Message-ID: <506BBBC4.9040606@linux.vnet.ibm.com>
Date: Wed, 03 Oct 2012 09:45:00 +0530
From: "Srivatsa S. Bhat" <srivatsa.bhat@linux.vnet.ibm.com>
User-Agent: Mozilla/5.0 (X11; Linux x86_64; rv:15.0) Gecko/20120828 Thunderbird/15.0
MIME-Version: 1.0
To: paulmck@linux.vnet.ibm.com
CC: Jiri Kosina <jkosina@suse.cz>,
        "Paul E. McKenney" <paul.mckenney@linaro.org>,
        Josh Triplett <josh@joshtriplett.org>, linux-kernel@vger.kernel.org
Subject: Re: Lockdep complains about commit 1331e7a1bb ("rcu: Remove _rcu_barrier()

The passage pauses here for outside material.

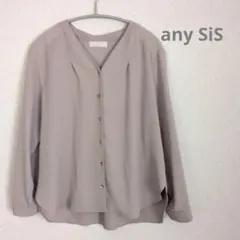 any SiS Vネック とろみブラウス グレージュ サイズ3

 dependency on __stop_machine()")
References: <alpine.LNX.2.00.1210021810350.23544@pobox.suse.cz> <20121002170149.GC2465@linux.vnet.ibm.com> <alpine.LNX.2.00.1210022324050.23544@pobox.suse.cz> <alpine.LNX.2.00.1210022331130.23544@pobox.suse.cz> <alpine.LNX.2.00.1210022356370.23544@pobox.suse.cz> <20121002233138.GD2465@linux.vnet.ibm.com> <506BB805.3000707@linux.vnet.ibm.com> <20121003040701.GD13192@linux.vnet.ibm.com>
In-Reply-To: <20121003040701.GD13192@linux.vnet.ibm.com>
Content-Type: text/plain; charset=ISO-8859-1
Content-Transfer-Encoding: 7bit
Sender: linux-kernel-owner@vger.kernel.org
Content-Length: 6625
Lines: 141

On 10/03/2012 09:37 AM, Paul E. McKenney wrote:
> On Wed, Oct 03, 2012 at 09:29:01AM +0530, Srivatsa S. Bhat wrote:
>> On 10/03/2012 05:01 AM, Paul E. McKenney wrote:
>>> On Tue, Oct 02, 2012 at 11:58:36PM +0200, Jiri Kosina wrote:
>>>> On Tue, 2 Oct 2012, Jiri Kosina wrote:
>>>>
>>>>>>>> 1331e7a1bbe1f11b19c4327ba0853bee2a606543 is the first bad commit
>>>>>>>> commit 1331e7a1bbe1f11b19c4327ba0853bee2a606543
>>>>>>>> Author: Paul E. McKenney <paul.mckenney@linaro.org>
>>>>>>>> Date:   Thu Aug 2 17:43:50 2012 -0700
>>>>>>>>
>>>>>>>>     rcu: Remove _rcu_barrier() dependency on __stop_machine()
>>>>>>>>     
>>>>>>>>     Currently, _rcu_barrier() relies on preempt_disable() to prevent
>>>>>>>>     any CPU from going offline, which in turn depends on CPU hotplug's
>>>>>>>>     use of __stop_machine().
>>>>>>>>     
>>>>>>>>     This patch therefore makes _rcu_barrier() use get_online_cpus() to
>>>>>>>>     block CPU-hotplug operations.  This has the added benefit of removing
>>>>>>>>     the need for _rcu_barrier() to adopt callbacks:  Because CPU-hotplug
>>>>>>>>     operations are excluded, there can be no callbacks to adopt.  This
>>>>>>>>     commit simplifies the code accordingly.
>>>>>>>>     
>>>>>>>>     Signed-off-by: Paul E. McKenney <paul.mckenney@linaro.org>
>>>>>>>>     Signed-off-by: Paul E. McKenney <paulmck@linux.vnet.ibm.com>
>>>>>>>>     Reviewed-by: Josh Triplett <josh@joshtriplett.org>
>>>>>>>> ==
>>>>>>>>
>>>>>>>> is causing lockdep to complain (see the full trace below). I haven't yet 
>>>>>>>> had time to analyze what exactly is happening, and probably will not have 
>>>>>>>> time to do so until tomorrow, so just sending this as a heads-up in case 
>>>>>>>> anyone sees the culprit immediately.
>>>>>>>
>>>>>>> Hmmm...  Does the following patch help?  It swaps the order in which
>>>>>>> rcu_barrier() acquires the hotplug and rcu_barrier locks.
>>>>>>
>>>>>> It changed the report slightly (see for example the change in possible 
>>>>>> unsafe locking scenario, rcu_sched_state.barrier_mutex vanished and it's 
>>>>>> now directly about cpu_hotplug.lock). With the patch applied I get
>>>>>>
>>>>>>
>>>>>>
>>>>>> ======================================================
>>>>>> [ INFO: possible circular locking dependency detected ]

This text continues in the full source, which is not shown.